Exercise brief => Retype, without any change, the line that contains "福島 ライド1日目(福島駅→磐梯吾妻スカイラインHC→猪苗代湖→会津若松) - 画像25" and every line that follows it to the end of the entries, and nothing else.

Given information =>
Start of Block

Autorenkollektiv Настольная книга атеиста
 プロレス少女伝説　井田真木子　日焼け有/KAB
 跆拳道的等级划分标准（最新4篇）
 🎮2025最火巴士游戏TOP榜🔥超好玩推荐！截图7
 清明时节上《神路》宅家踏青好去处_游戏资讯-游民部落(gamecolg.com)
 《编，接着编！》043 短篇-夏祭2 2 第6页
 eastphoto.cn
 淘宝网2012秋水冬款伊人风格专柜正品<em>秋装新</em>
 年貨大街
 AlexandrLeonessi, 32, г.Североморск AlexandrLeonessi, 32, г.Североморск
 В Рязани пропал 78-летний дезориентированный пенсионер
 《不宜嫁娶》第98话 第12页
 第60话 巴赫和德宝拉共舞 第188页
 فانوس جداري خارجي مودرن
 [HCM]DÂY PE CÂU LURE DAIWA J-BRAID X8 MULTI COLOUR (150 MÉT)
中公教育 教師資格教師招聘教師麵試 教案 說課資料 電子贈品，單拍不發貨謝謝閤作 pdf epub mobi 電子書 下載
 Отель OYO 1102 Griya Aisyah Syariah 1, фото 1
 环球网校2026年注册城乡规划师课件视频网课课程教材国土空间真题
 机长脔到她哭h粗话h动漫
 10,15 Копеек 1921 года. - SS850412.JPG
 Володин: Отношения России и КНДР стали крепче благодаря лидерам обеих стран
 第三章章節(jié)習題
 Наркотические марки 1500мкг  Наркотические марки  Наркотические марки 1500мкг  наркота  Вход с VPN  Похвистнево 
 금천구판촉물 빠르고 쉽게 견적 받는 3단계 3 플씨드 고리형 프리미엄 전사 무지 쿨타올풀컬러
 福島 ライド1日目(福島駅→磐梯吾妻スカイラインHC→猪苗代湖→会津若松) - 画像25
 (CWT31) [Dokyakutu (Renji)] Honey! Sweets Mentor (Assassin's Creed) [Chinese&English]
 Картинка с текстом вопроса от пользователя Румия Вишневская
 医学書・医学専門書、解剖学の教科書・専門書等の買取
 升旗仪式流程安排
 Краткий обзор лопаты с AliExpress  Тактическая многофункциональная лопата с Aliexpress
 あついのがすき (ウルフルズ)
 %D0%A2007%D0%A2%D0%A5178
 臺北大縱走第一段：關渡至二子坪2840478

End of Block

Final answer =>
 福島 ライド1日目(福島駅→磐梯吾妻スカイラインHC→猪苗代湖→会津若松) - 画像25
 (CWT31) [Dokyakutu (Renji)] Honey! Sweets Mentor (Assassin's Creed) [Chinese&English]
 Картинка с текстом вопроса от пользователя Румия Вишневская
 医学書・医学専門書、解剖学の教科書・専門書等の買取
 升旗仪式流程安排
 Краткий обзор лопаты с AliExpress  Тактическая многофункциональная лопата с Aliexpress
 あついのがすき (ウルフルズ)
 %D0%A2007%D0%A2%D0%A5178
 臺北大縱走第一段：關渡至二子坪2840478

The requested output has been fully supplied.